### EXERCISE INPUT:
══════
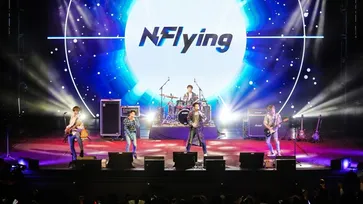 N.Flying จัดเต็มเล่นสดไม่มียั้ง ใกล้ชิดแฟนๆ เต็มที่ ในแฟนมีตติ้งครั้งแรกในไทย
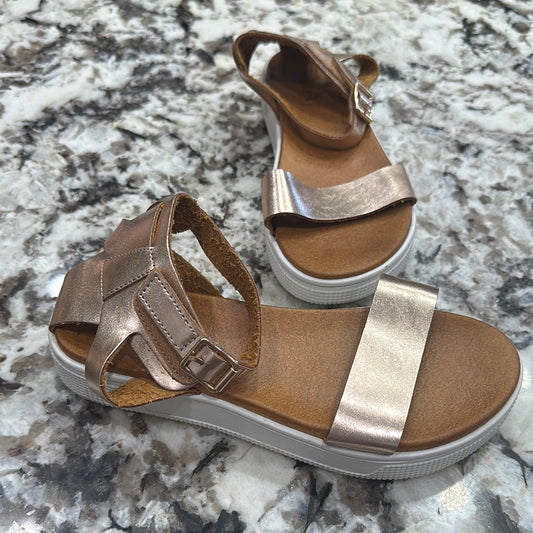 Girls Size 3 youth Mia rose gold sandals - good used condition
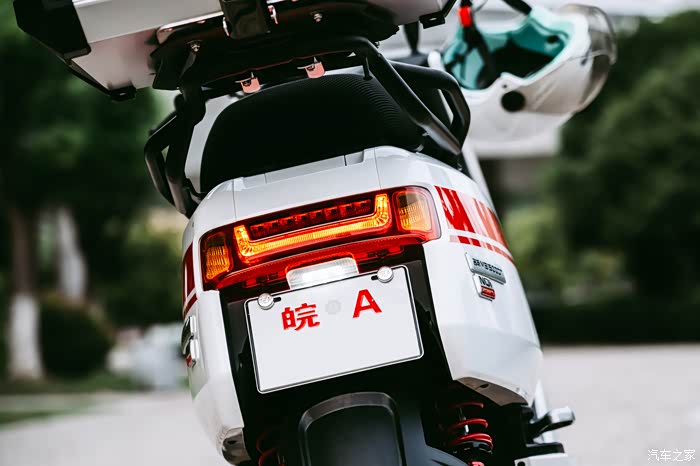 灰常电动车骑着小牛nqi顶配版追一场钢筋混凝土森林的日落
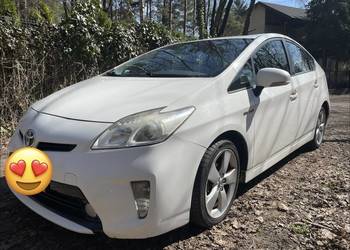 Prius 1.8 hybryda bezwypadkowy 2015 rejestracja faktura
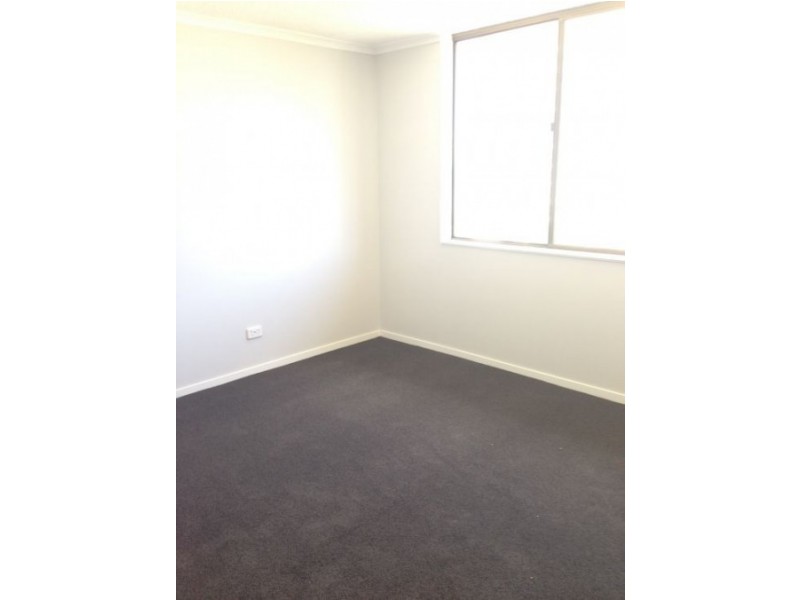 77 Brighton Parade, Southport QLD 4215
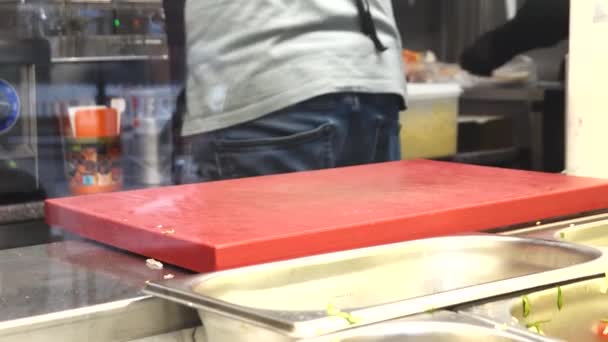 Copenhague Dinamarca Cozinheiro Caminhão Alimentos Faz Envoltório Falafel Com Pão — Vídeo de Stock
══════
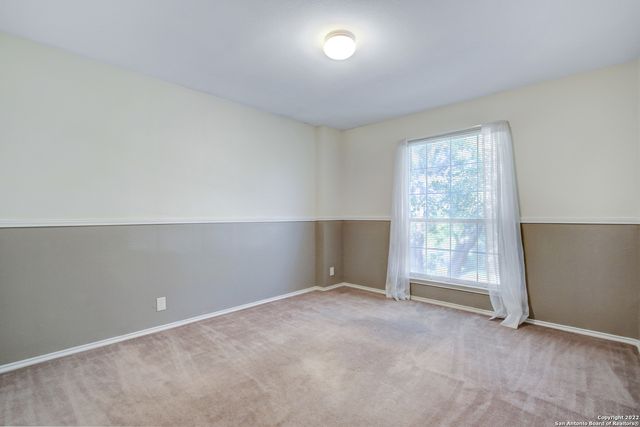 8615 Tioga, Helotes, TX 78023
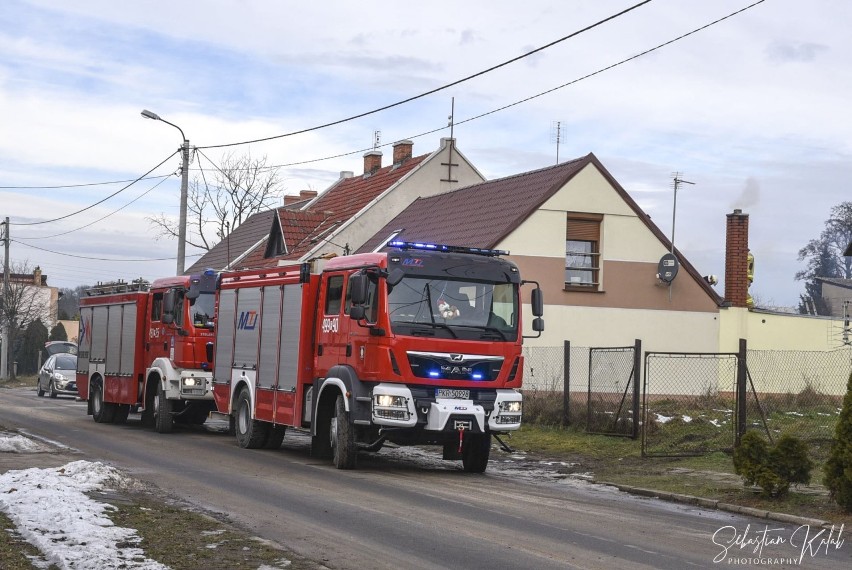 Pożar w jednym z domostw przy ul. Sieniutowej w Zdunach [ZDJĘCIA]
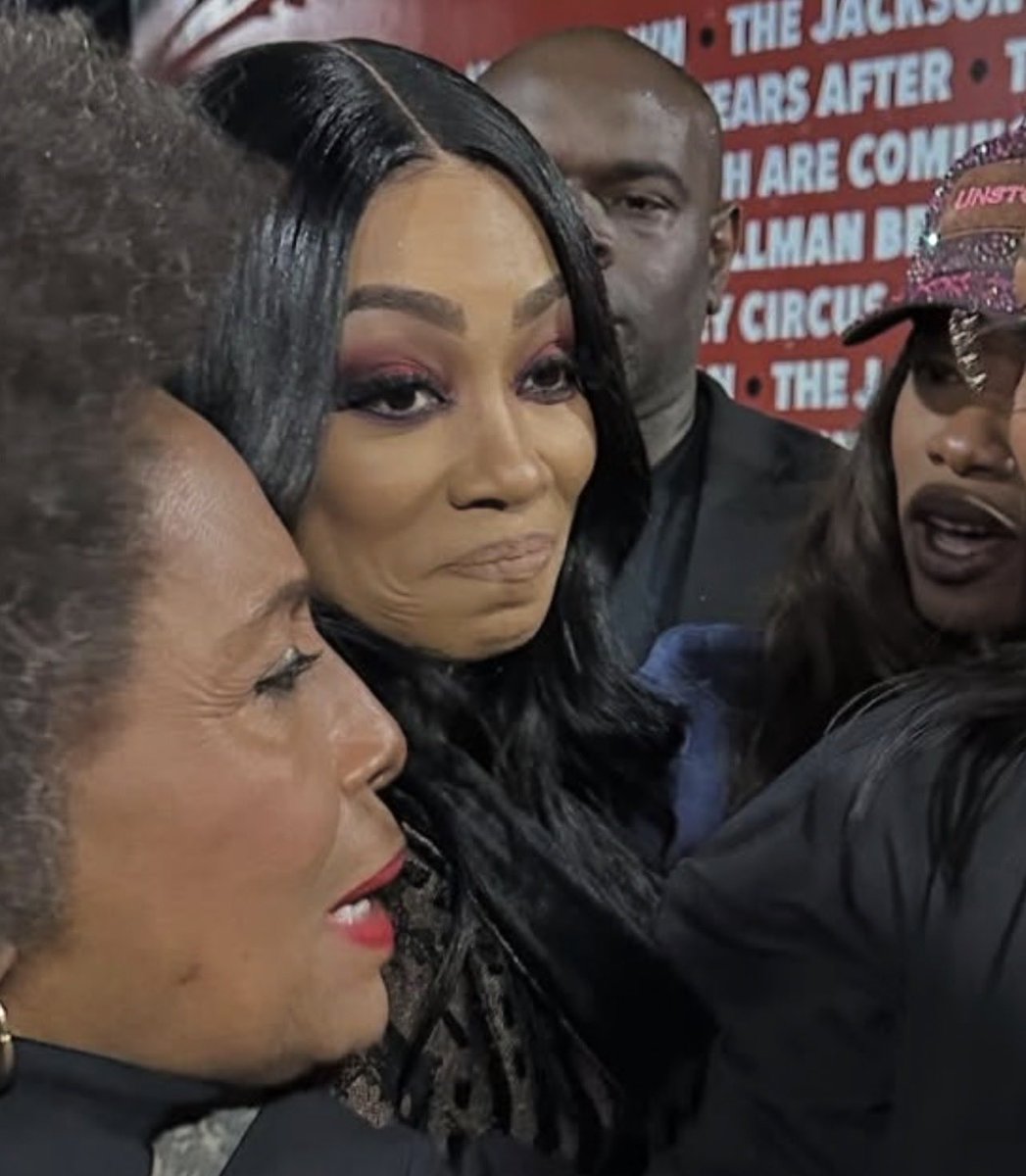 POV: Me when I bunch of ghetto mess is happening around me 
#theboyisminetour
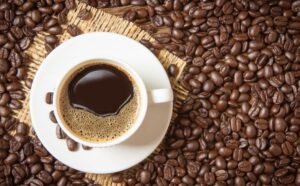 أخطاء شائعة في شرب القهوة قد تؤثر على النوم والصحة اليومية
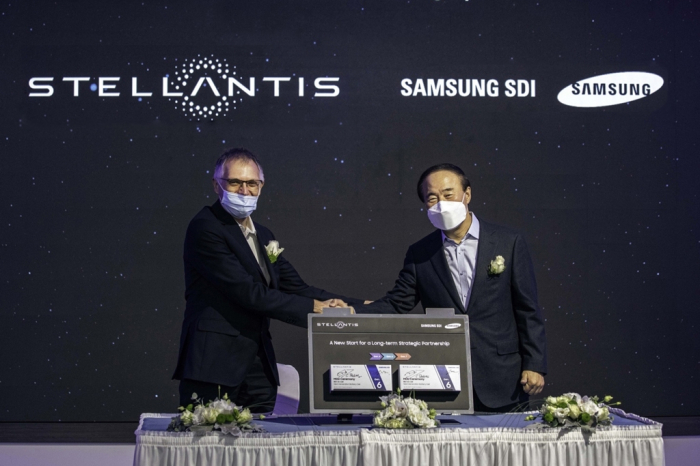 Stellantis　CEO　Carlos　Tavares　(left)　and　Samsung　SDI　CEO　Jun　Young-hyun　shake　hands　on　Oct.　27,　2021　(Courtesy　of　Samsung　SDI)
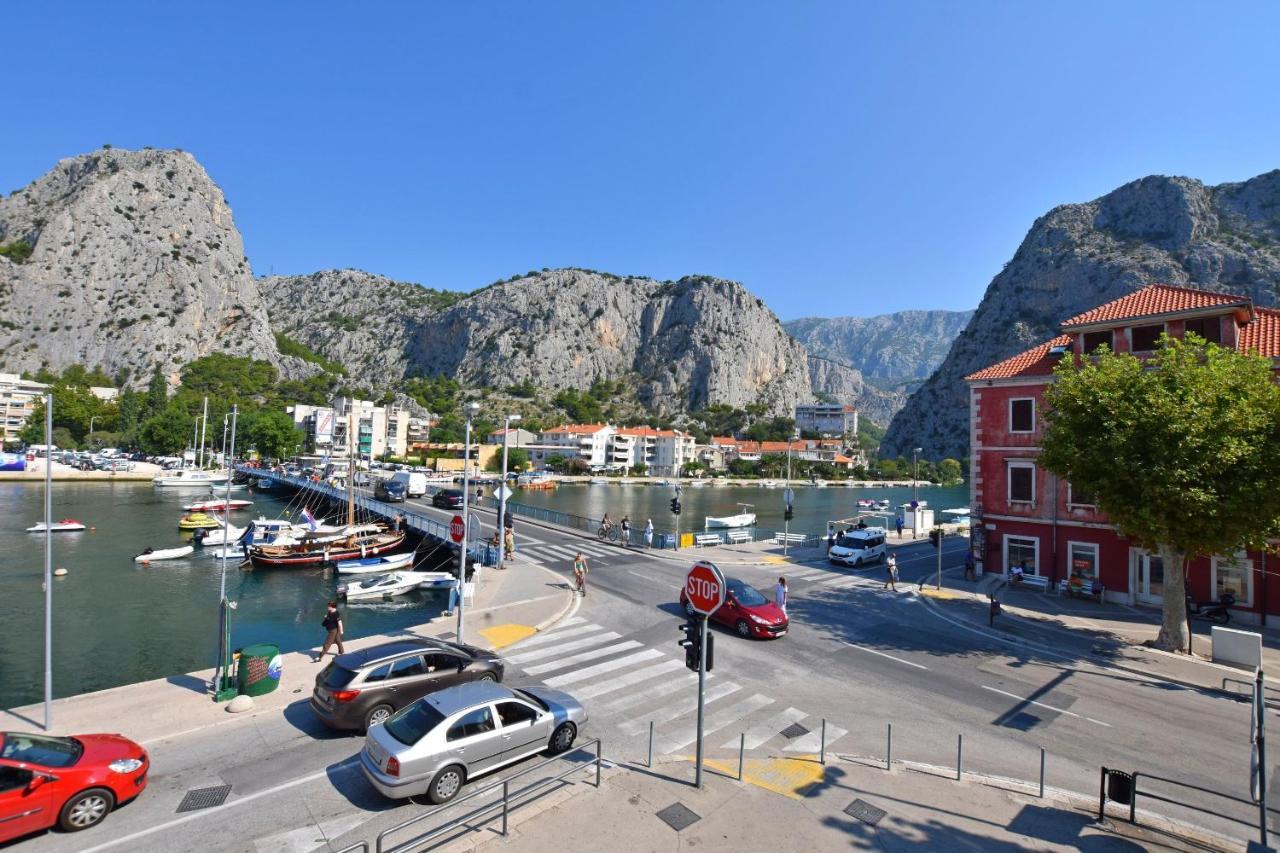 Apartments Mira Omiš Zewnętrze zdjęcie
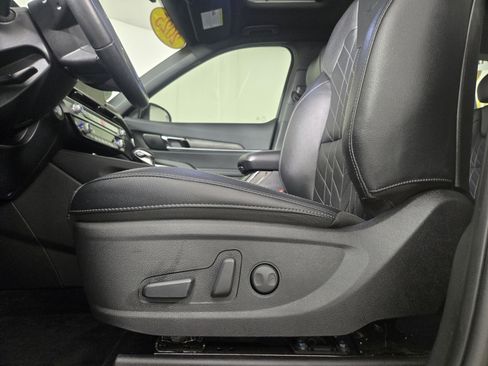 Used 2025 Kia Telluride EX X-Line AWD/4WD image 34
══════
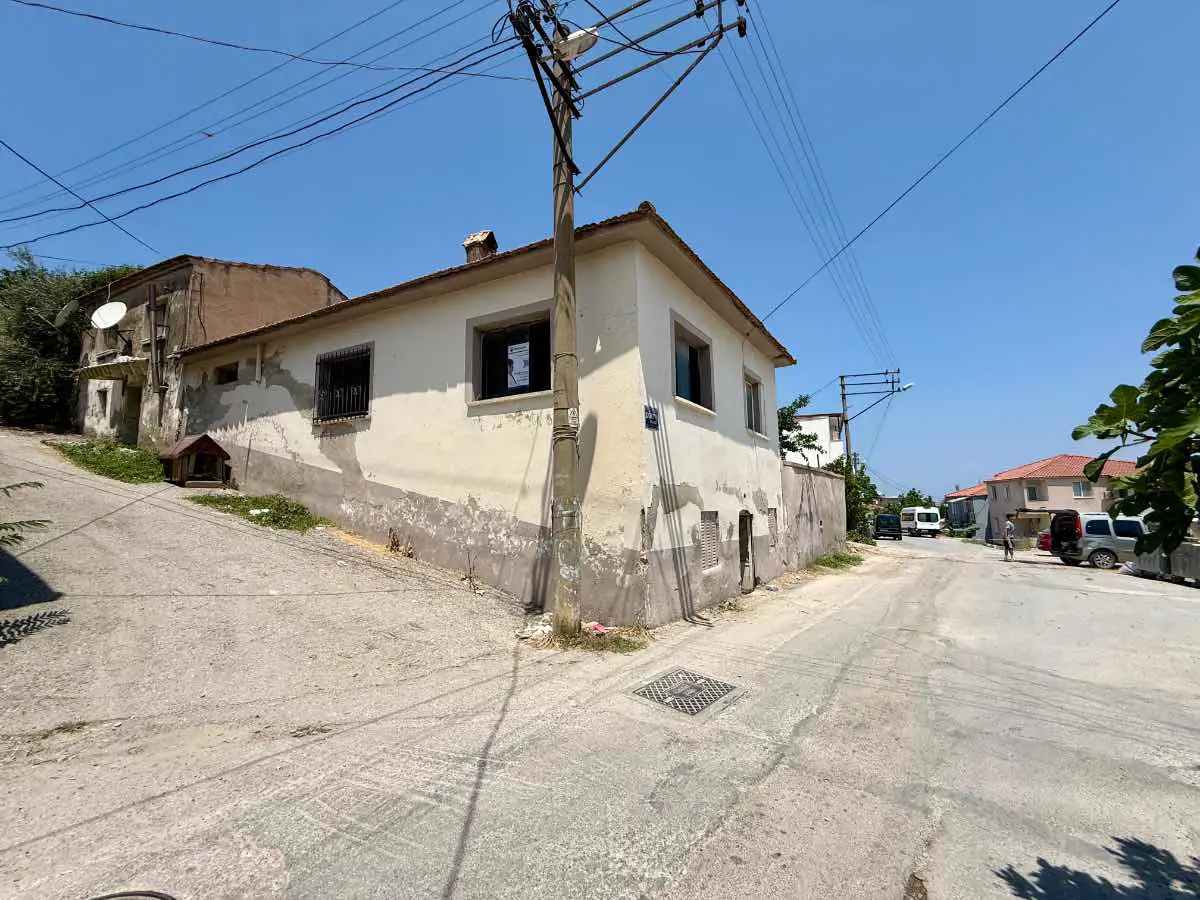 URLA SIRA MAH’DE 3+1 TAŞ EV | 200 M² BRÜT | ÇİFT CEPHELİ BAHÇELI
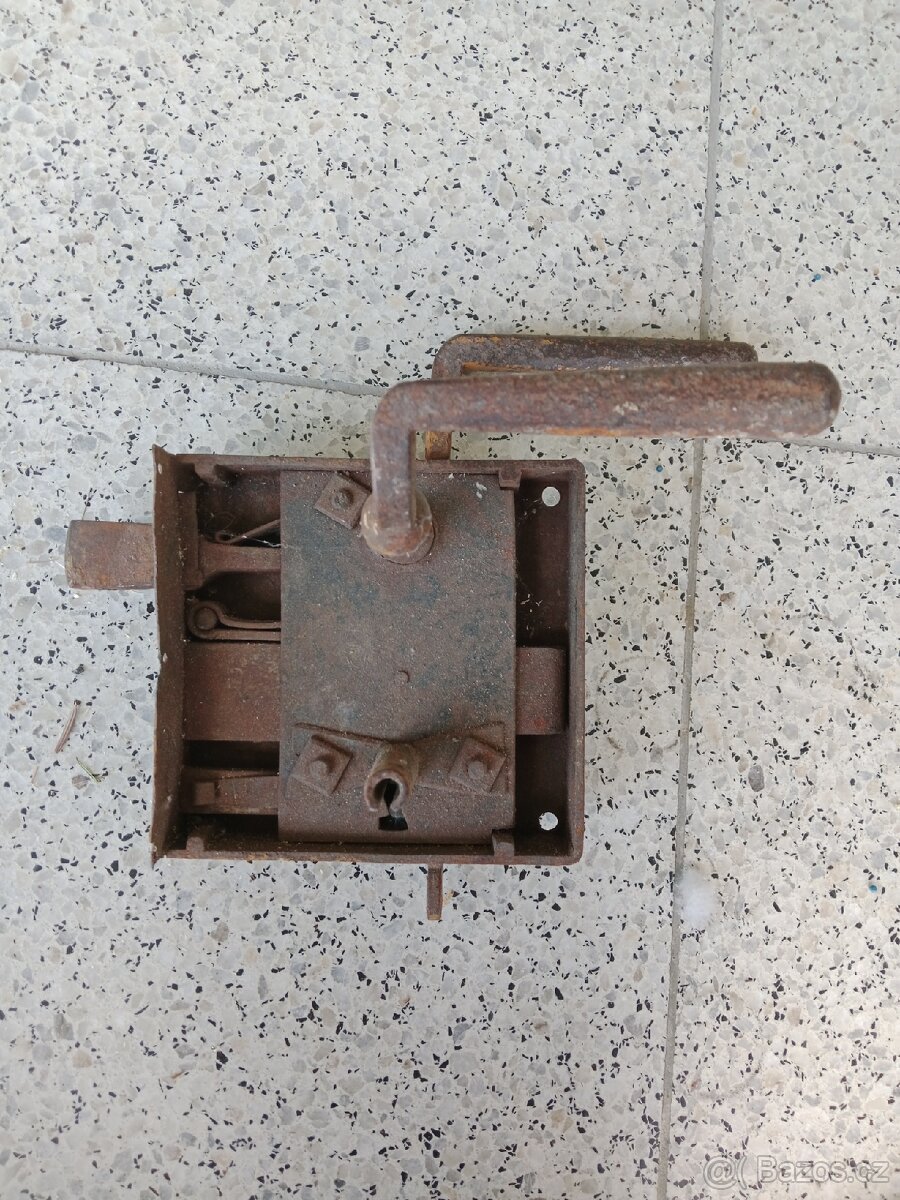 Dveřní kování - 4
══════
### WHAT YOU HAVE TO DO:
Copy only the lines above from the one containing "N.Flying จัดเต็มเล่นสดไม่มียั้ง ใกล้ชิดแฟนๆ" through the one containing "Copenhague Dinamarca Cozinheiro", both included. Leave out the pictures.

### SOLUTION FOR THIS EXERCISE:
 N.Flying จัดเต็มเล่นสดไม่มียั้ง ใกล้ชิดแฟนๆ เต็มที่ ในแฟนมีตติ้งครั้งแรกในไทย
 Girls Size 3 youth Mia rose gold sandals - good used condition
 灰常电动车骑着小牛nqi顶配版追一场钢筋混凝土森林的日落
 Prius 1.8 hybryda bezwypadkowy 2015 rejestracja faktura
 77 Brighton Parade, Southport QLD 4215
 Copenhague Dinamarca Cozinheiro Caminhão Alimentos Faz Envoltório Falafel Com Pão — Vídeo de Stock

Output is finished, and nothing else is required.